A husky, nasal edge is still her voice's defining trait, but a tool with fewer fine motor skills than it once possessed. The 62-year-old Nicks hammered away in the most general of fashions at her opener, "Fall from Grace," though she had some trouble competing with the robust chug of her 9-piece band.
Nicks sang with an almost detached quality, tugging at the long fabric strands that dangled from her microphone stand while floating through "Outside the Rain" with a nonchalant remove from any spark it may hold. Her phrasing had a scattershot quality, doing the popular Fleetwood Mac song "Dreams" no favors.
Nicks draped her voice over lyrics like it was a horse blanket, which made for a shapeless inflation of "Sorcerer" and a rasp-lined meander through "Gold Dust Woman" that was more insistent than artful. Her singing was the least melodic component of "If Anyone Falls," splattering against its roomy sway.
The show was a dawdler, taking nearly two hours for 15 songs, among which were covers of Tom Petty's "You Wreck Me" and Bob Seger's "Face the Promise," each a feasible vehicle for the percussive jabs that remain within her vocal range. Songs from her own history are much as they ever have been, but her stewardship of them has changed, to the point that she was most effective when she dialed back her singing, resorting to nearly spoken-word handling to make "Landslide" a cool, understated treat.
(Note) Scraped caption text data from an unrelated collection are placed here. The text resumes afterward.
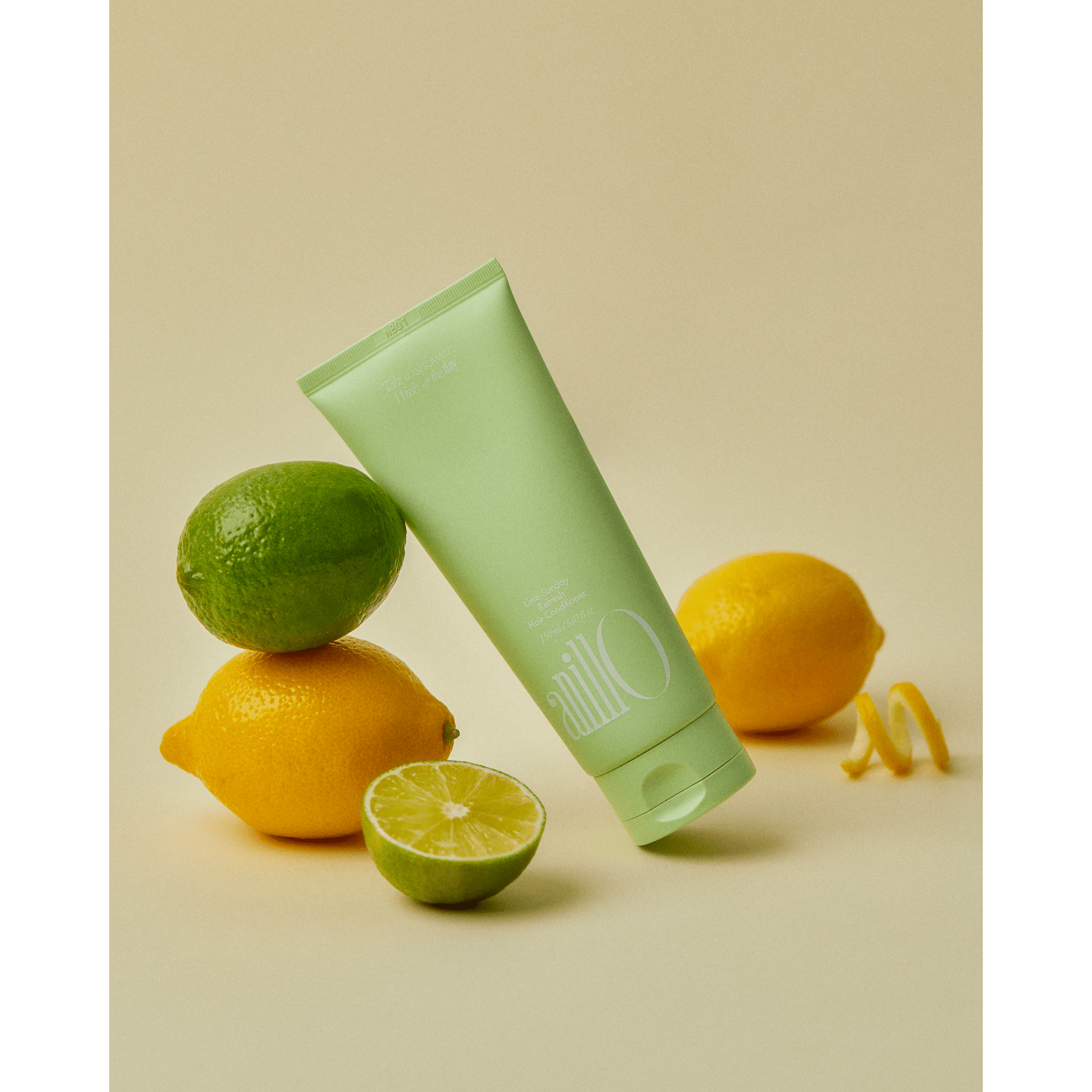 Anillo Lime Sunday Refresh Hair Conditioner – 150ml | Hydrating & Smoothing Citrus Care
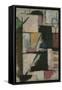 Self Portrait-Theo Van Doesburg-Framed Stretched Canvas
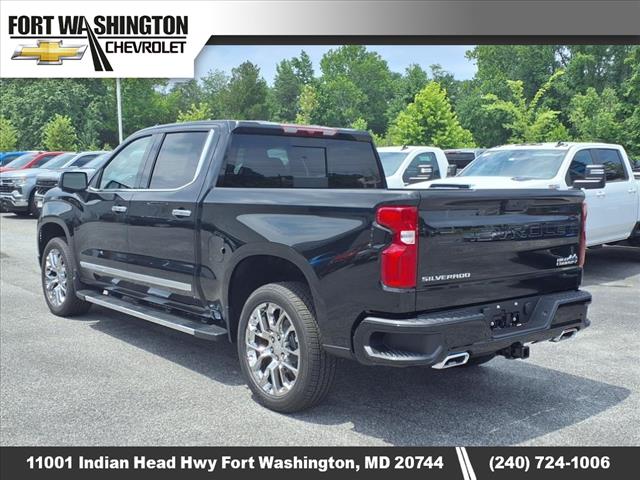 2025 Chevrolet Silverado 1500 High Country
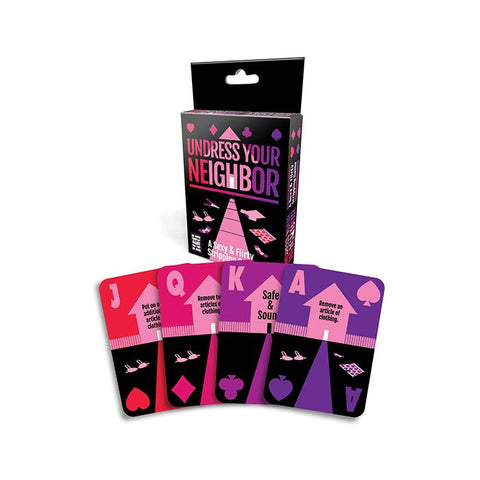 Undress Your Neighbor Card Game Games
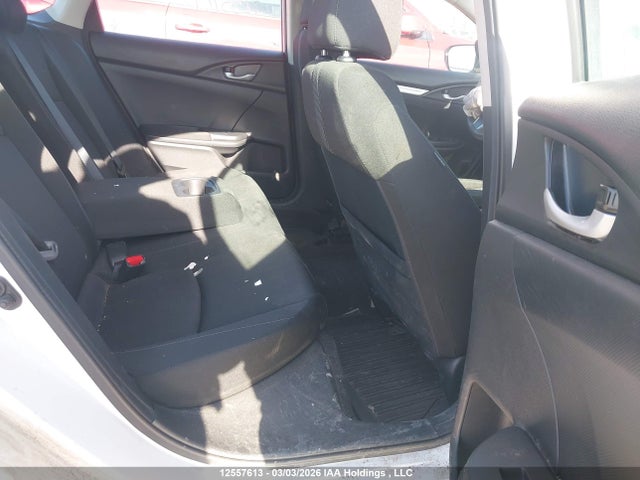 12557613 :رقم المزاد ، 2HGFC2F83HH023470 vin ، 2017 Honda Civic Ex 4dr مزاد بيع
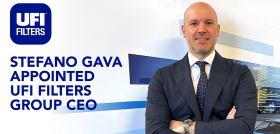 Stefano Gava new UFI Filters Group CEO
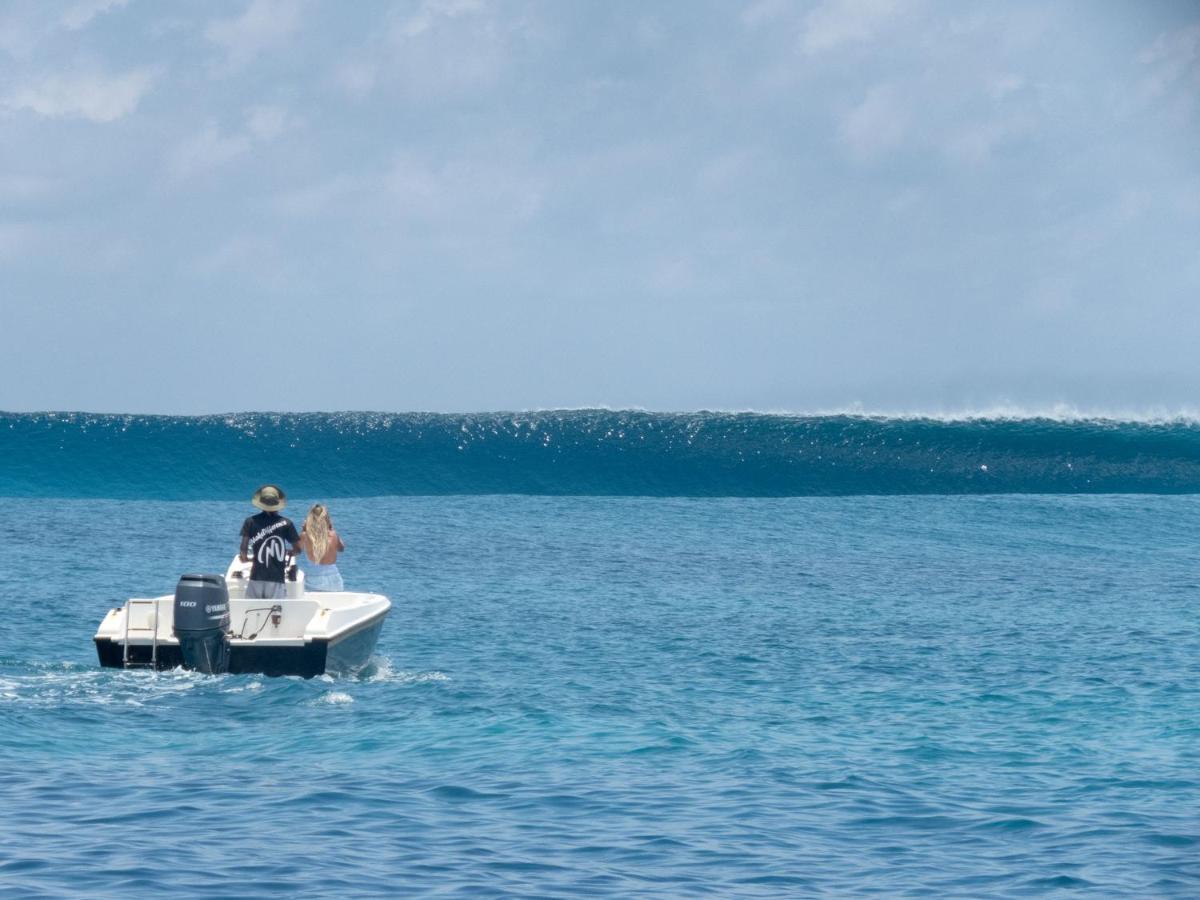 Kahanbu Ocean View Thulusdhoo Exterior photo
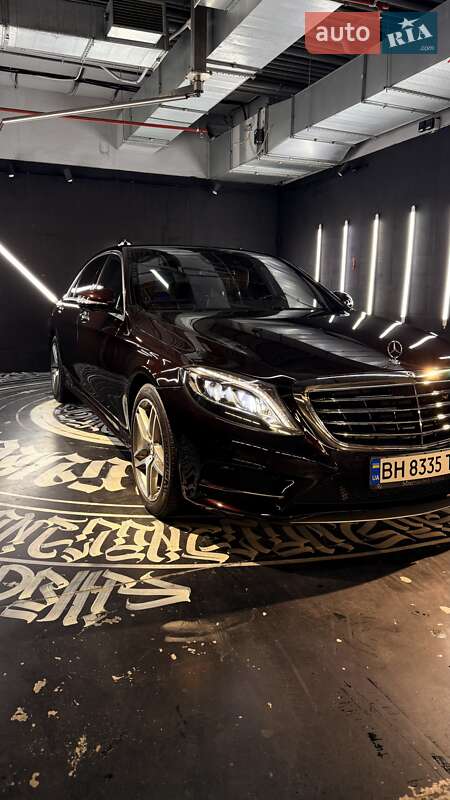 Mercedes-Benz S-Class 2014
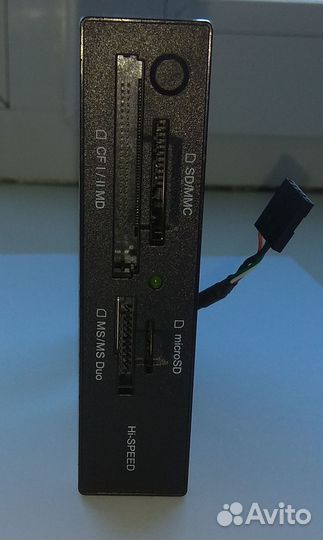 Front USB&Audio+CardReader / Расширение интерфейса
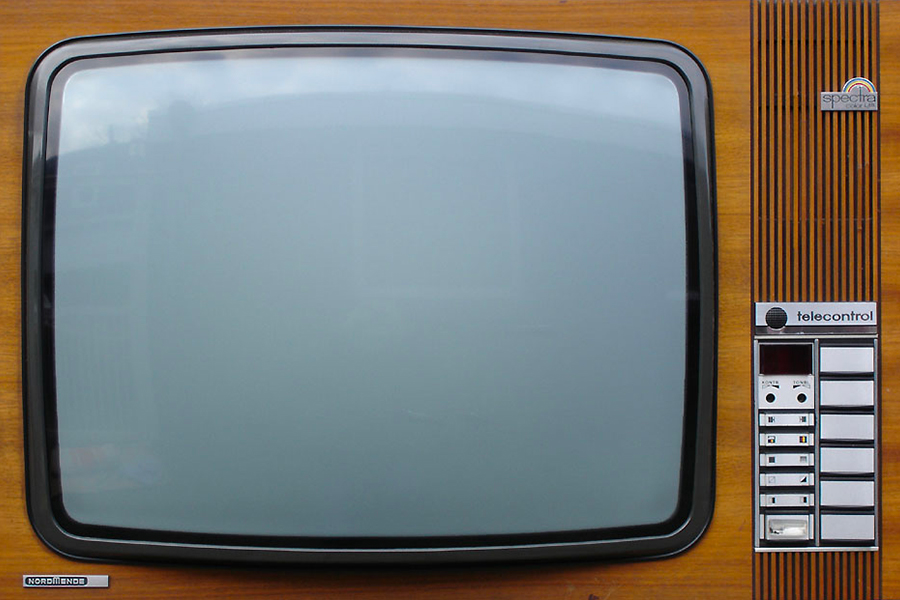Spectra Color TV (Front)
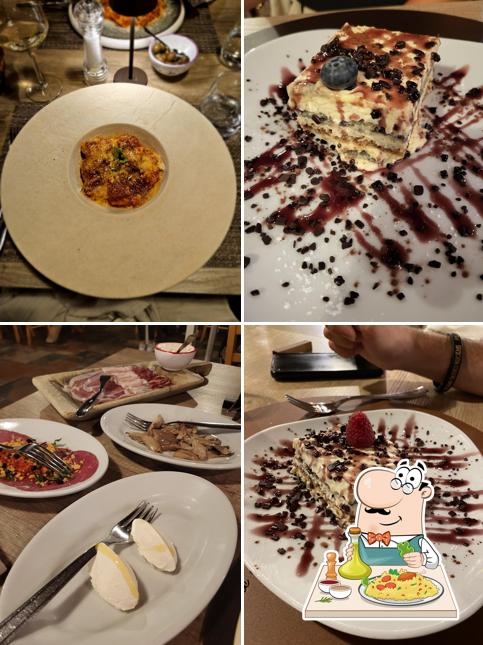 Platti al Turismo Rurale Sa Tanca e Bore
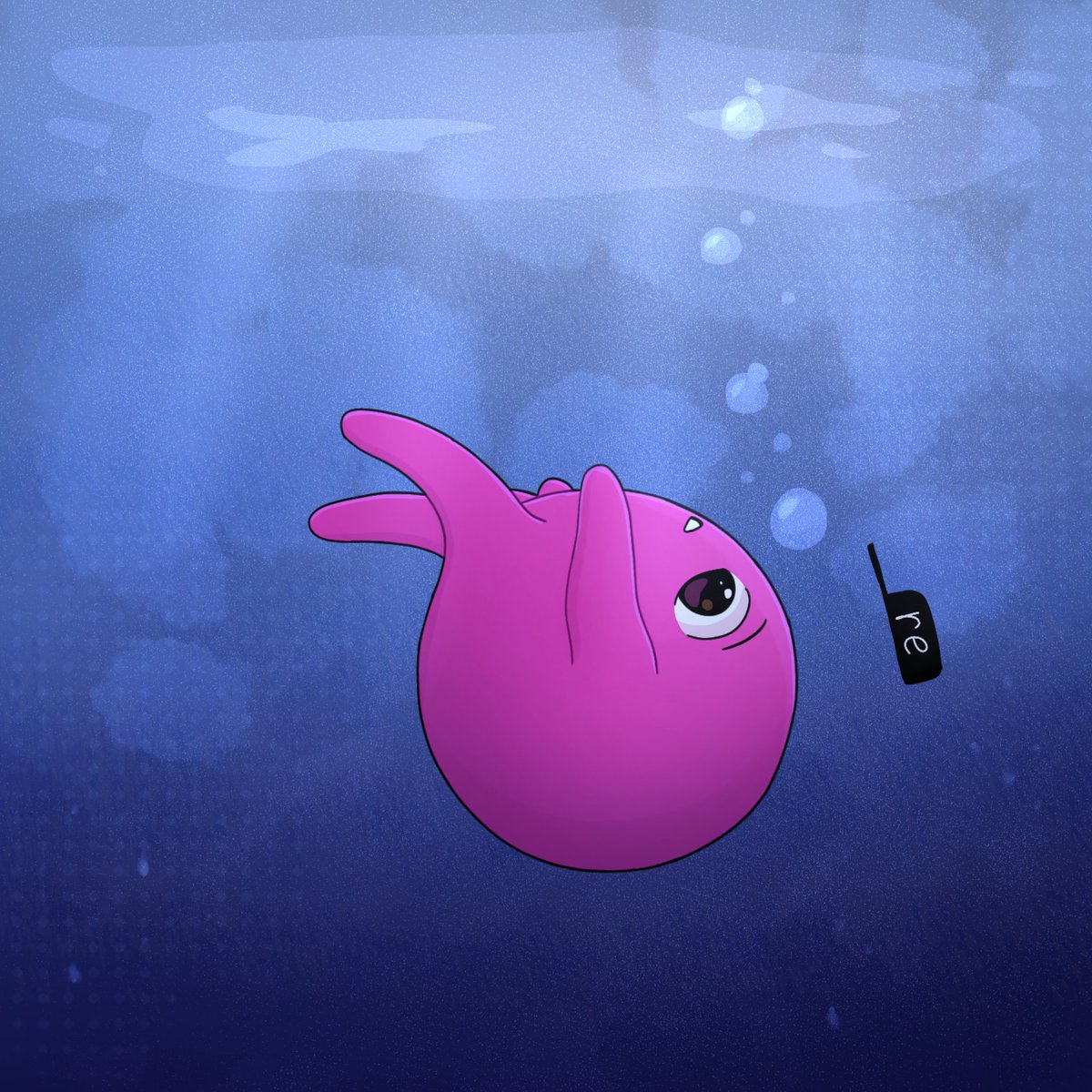 anstapnever's tweet image. A complete immersion in the ocean called @re😶‍🌫️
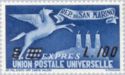 Espresso - 1950 - overprint new value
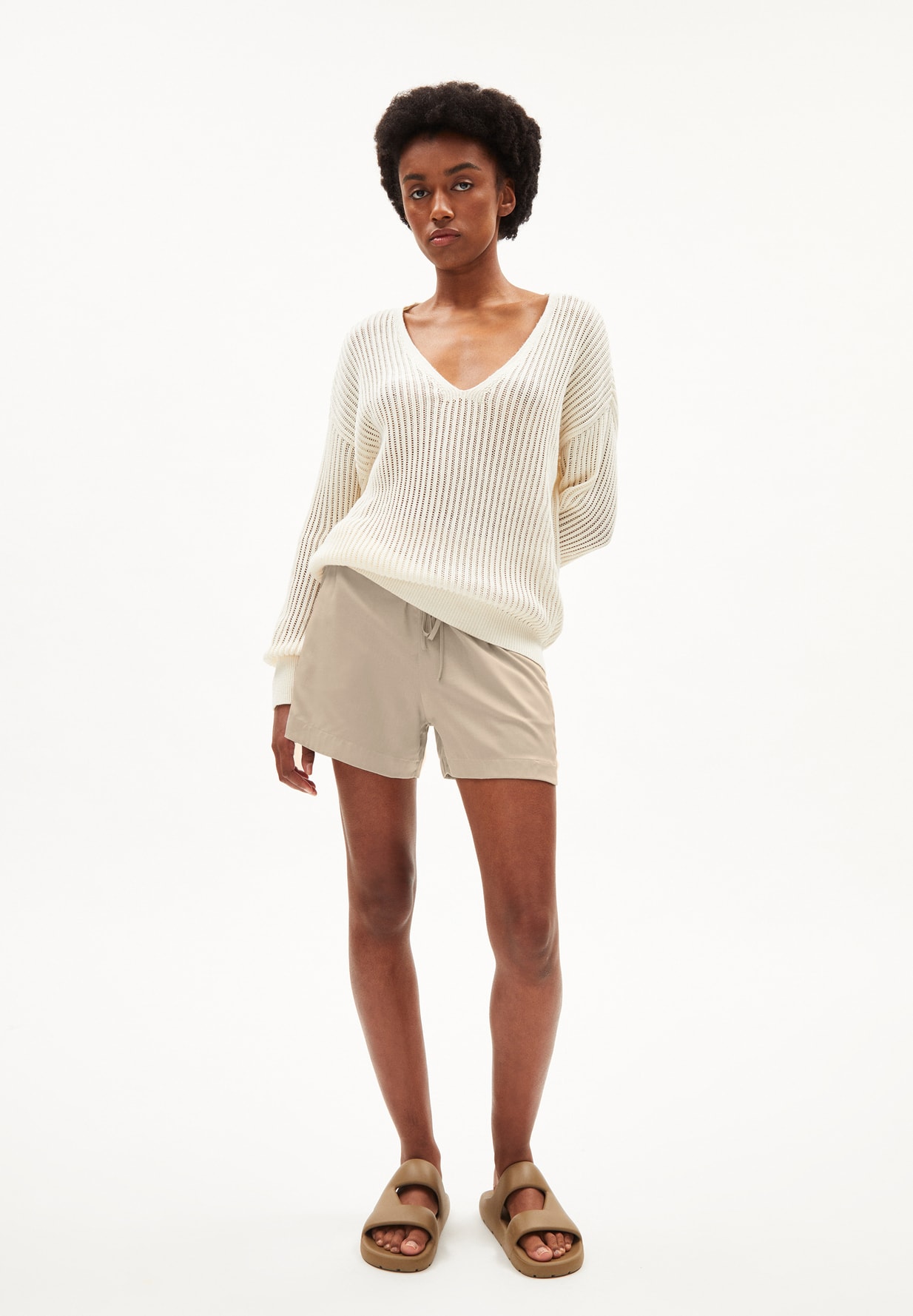 ARMEDANGELS Vaanna Shorts light desert ARMEDANGELS Vaanna Shorts light desert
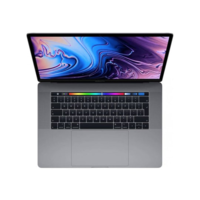 Apple laptop Apple MacBook Pro 15" A1990 2018 Space Grey (EMC 3215) i7-8750H | 16GB DDR4 | 256GB (M.2) SSD | 15,4" | 2880 x 1800 | Webcam | Radeon Pro 555X | UHD 630 | macOS | Bronze | Retina IPS | DDR4 | 16GB (15216873)
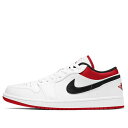 Air Jordan ジョーダン メンズ スニーカー 【Air Jordan 1 Low 'White University Red' 553558-118】 サイズ US_11(29.0cm)(4)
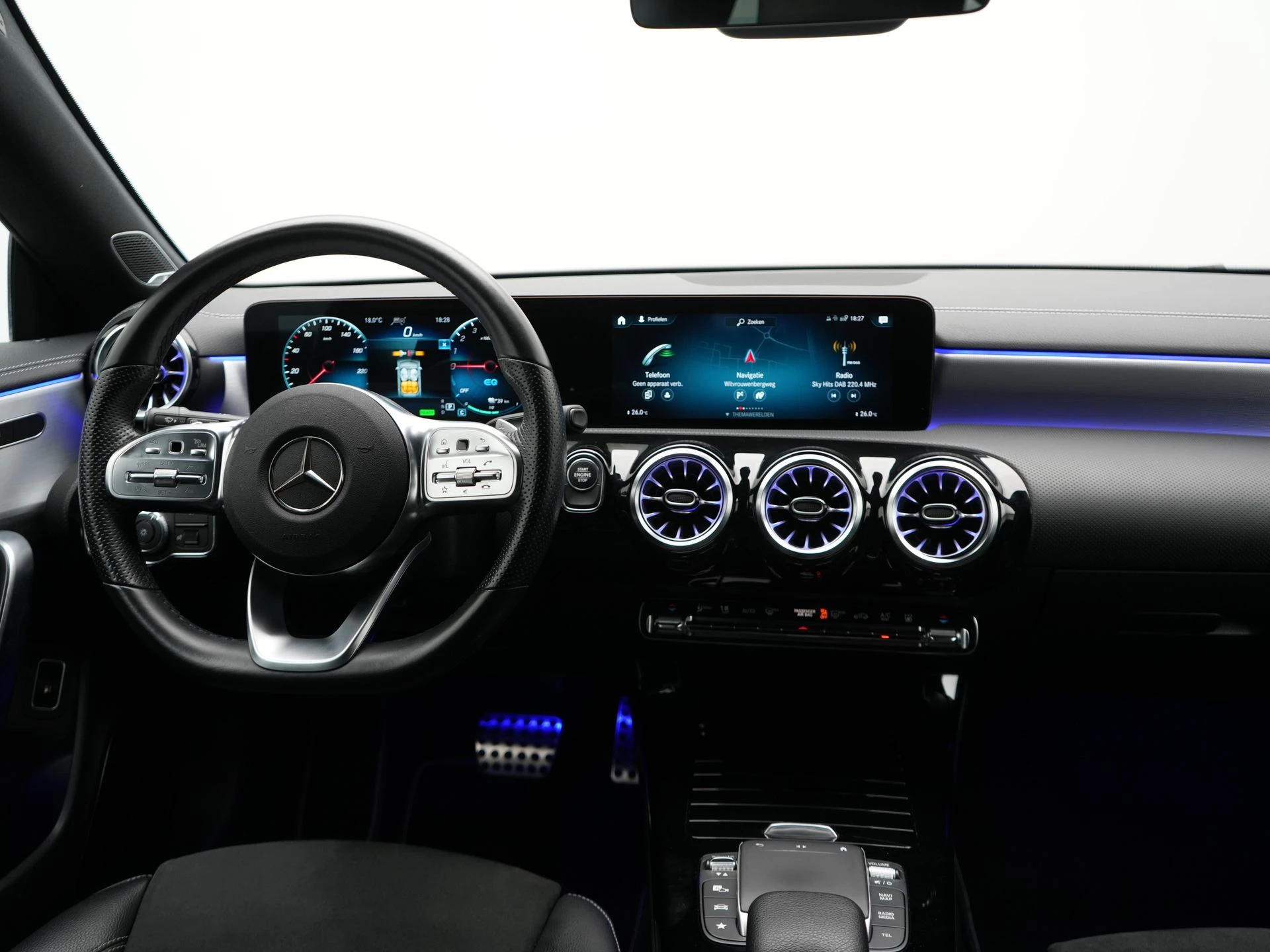 Hoofdafbeelding Mercedes-Benz CLA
Nicks remains one of rock's most prominent shawl advocates, sporting them for a number of tunes and holding one aloft while spinning slowly to the bounding pulse of "Stand Back" when not trumpeting its lyrics. Her closing delivery of "Edge of Seventeen" was so much filler in a rendition that had more than its share, from the dragged-out drum solo that preceded it to the flabby jam that extended its back end.
She avoided tunes from her forthcoming album in the encore as she had during her show — she has spoken out against posting of clips online as spoilers for new work, and so isn't giving anyone the chance. Instead, she served as more of a passenger than driver in Led Zeppelin's "Rock and Roll," but moved to a comfortable finale with a stroll through the puffy "Love Is," evoking hints of the past without ever quite recapturing it.